*TASK DESCRIPTION:* Look below for the line holding "쿠팡 파트너스 저품질" and the line holding "Ford Tourneo Lampa przednia 2KF941036". Repeat those two and everything between, exactly.
+===+
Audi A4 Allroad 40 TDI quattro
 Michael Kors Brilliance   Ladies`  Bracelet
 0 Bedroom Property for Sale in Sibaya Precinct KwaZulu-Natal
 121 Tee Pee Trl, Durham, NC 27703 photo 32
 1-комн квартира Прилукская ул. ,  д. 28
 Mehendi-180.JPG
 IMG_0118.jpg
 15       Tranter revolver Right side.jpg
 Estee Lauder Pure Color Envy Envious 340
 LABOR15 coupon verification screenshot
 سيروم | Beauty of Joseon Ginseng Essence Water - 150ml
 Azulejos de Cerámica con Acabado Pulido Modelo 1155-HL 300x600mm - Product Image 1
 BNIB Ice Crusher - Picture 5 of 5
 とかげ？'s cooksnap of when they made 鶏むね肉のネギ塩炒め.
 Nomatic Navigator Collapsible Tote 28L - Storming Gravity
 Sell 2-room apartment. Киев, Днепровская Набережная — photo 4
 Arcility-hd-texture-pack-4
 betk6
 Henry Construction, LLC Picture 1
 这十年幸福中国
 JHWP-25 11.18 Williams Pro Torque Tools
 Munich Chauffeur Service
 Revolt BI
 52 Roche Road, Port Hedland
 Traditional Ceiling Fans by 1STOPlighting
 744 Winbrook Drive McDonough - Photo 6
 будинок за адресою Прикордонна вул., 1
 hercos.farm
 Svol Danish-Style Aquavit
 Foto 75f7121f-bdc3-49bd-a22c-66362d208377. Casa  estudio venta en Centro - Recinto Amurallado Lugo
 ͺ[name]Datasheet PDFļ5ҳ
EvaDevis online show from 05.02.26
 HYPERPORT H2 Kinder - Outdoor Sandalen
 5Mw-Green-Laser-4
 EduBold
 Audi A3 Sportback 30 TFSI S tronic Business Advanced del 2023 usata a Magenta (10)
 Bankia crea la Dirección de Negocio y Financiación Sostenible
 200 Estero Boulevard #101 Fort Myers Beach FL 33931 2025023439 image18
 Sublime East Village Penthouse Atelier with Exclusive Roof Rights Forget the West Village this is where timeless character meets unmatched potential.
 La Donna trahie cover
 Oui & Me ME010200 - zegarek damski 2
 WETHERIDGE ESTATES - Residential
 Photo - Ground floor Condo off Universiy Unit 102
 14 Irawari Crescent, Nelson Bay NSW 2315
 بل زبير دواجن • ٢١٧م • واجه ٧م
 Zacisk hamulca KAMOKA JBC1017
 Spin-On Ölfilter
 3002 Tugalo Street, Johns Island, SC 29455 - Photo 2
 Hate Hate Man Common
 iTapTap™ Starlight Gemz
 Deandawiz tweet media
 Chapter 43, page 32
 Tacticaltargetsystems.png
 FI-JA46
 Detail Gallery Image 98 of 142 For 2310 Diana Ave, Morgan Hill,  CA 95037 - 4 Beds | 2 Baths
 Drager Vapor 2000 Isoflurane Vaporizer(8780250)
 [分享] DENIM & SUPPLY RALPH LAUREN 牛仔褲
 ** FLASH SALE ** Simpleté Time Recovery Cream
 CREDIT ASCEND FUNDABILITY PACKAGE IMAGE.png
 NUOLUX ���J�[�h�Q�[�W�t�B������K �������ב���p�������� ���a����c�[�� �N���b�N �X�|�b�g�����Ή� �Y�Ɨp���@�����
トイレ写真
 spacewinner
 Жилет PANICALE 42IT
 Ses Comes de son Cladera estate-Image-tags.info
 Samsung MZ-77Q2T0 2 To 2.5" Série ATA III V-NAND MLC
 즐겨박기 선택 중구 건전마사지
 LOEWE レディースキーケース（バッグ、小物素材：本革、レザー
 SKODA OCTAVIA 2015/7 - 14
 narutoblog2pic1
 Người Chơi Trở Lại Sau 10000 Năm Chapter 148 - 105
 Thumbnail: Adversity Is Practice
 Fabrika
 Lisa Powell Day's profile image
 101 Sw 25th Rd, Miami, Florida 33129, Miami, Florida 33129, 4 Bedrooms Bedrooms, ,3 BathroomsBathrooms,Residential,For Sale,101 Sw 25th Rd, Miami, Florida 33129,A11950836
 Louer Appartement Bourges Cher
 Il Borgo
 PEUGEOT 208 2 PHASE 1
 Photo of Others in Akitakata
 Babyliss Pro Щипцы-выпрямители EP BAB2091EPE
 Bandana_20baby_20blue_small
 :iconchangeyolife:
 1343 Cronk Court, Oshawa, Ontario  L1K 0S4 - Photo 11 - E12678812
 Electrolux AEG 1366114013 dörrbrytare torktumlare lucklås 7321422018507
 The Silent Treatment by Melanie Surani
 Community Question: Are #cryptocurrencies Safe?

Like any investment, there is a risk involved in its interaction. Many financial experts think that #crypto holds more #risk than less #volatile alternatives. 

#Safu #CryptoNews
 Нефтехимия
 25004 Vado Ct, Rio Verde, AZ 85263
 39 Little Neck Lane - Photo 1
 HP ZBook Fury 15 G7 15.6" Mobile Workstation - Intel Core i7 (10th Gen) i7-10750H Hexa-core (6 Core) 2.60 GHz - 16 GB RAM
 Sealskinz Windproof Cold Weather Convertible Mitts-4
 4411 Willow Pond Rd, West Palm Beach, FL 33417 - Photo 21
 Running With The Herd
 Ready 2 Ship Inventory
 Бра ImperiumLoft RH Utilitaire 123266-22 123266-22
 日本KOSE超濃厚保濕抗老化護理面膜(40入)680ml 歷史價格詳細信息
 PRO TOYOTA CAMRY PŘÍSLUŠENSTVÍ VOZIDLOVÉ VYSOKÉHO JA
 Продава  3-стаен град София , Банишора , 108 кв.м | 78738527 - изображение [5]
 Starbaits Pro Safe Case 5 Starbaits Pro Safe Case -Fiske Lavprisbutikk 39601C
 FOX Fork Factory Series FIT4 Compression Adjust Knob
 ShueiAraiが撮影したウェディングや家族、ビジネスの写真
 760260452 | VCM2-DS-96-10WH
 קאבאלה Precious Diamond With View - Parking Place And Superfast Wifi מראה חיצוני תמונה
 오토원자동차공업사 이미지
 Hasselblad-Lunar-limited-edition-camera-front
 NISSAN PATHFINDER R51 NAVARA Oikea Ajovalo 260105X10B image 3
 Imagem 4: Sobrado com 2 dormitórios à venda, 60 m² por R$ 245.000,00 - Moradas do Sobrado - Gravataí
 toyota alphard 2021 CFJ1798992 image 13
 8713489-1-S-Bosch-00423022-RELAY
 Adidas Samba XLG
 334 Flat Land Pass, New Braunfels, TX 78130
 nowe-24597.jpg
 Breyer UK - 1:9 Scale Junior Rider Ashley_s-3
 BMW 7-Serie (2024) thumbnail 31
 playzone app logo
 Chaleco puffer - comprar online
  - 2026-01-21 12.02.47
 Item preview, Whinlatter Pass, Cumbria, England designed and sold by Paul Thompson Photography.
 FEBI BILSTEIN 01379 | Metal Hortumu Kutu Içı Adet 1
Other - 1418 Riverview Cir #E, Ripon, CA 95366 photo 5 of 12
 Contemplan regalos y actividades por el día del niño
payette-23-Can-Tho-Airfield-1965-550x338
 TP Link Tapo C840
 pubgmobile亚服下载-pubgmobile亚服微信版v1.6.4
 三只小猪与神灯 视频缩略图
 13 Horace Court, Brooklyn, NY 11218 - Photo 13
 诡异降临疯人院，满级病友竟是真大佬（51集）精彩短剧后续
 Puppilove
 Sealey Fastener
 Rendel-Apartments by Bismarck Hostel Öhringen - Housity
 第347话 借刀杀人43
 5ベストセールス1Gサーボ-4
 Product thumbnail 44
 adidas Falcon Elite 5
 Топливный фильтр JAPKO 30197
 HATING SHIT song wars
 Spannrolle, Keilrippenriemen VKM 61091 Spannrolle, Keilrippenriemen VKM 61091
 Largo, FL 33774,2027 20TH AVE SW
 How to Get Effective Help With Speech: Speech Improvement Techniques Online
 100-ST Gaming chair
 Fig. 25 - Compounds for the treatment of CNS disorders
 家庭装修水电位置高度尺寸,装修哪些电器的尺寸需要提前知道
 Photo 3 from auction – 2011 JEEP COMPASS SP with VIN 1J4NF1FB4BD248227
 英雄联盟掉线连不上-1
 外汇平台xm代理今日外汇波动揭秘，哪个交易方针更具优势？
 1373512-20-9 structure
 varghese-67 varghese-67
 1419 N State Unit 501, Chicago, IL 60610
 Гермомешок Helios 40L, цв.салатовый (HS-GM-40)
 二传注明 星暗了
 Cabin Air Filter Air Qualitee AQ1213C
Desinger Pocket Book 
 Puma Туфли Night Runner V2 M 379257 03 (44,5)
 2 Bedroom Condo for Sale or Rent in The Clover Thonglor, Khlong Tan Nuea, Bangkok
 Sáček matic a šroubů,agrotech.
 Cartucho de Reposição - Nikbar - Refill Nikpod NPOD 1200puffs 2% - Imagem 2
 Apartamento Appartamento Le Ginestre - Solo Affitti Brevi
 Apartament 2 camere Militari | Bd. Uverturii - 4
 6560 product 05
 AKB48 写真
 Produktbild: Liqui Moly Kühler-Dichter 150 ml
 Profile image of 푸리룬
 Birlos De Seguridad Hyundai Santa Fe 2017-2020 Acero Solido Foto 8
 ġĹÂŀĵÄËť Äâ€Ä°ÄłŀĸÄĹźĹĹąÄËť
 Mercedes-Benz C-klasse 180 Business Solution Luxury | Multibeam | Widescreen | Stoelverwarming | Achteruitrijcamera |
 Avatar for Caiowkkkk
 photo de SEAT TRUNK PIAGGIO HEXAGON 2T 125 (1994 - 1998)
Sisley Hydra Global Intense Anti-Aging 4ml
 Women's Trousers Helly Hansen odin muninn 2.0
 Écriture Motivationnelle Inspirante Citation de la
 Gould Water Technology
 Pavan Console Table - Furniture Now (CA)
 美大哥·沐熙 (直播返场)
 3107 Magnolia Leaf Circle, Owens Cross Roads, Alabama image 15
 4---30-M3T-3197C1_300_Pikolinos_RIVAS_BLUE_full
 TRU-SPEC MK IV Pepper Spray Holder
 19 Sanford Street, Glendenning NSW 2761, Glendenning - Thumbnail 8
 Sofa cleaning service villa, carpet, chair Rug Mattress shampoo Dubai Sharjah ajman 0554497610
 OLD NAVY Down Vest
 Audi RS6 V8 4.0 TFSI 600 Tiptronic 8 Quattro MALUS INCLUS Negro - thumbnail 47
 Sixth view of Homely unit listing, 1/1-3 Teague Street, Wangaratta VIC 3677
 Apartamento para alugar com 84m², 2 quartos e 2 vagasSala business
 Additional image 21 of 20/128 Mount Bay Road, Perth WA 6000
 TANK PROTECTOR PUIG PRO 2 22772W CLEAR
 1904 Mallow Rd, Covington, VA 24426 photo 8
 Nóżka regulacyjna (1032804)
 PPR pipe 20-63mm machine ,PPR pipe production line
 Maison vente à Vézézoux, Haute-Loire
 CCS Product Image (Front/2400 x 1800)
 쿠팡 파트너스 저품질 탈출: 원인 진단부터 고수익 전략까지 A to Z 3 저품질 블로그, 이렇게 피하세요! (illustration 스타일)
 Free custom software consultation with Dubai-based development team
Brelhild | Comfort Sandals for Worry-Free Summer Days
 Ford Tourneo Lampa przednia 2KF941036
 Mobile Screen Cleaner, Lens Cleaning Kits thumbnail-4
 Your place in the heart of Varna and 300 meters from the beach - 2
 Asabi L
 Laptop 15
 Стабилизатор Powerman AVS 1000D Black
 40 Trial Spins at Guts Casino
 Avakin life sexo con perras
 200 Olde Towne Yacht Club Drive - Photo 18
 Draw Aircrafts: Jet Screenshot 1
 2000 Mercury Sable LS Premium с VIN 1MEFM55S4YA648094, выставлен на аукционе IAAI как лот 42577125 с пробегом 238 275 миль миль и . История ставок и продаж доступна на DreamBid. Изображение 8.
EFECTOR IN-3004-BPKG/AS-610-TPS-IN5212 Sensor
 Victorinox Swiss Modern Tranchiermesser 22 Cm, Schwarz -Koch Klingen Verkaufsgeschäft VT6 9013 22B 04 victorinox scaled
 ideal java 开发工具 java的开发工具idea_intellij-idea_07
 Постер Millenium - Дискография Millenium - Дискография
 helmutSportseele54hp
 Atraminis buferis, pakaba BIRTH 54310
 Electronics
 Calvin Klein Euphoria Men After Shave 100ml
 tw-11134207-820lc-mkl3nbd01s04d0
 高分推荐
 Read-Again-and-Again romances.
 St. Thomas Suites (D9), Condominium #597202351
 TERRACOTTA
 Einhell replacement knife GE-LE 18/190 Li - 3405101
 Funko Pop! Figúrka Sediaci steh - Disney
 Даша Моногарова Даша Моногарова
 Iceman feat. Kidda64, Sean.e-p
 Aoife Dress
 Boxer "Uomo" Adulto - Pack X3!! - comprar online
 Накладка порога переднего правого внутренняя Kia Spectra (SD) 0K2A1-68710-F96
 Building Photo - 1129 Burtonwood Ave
+===+
*TASK OUTPUT:*
 쿠팡 파트너스 저품질 탈출: 원인 진단부터 고수익 전략까지 A to Z 3 저품질 블로그, 이렇게 피하세요! (illustration 스타일)
 Free custom software consultation with Dubai-based development team
Brelhild | Comfort Sandals for Worry-Free Summer Days
 Ford Tourneo Lampa przednia 2KF941036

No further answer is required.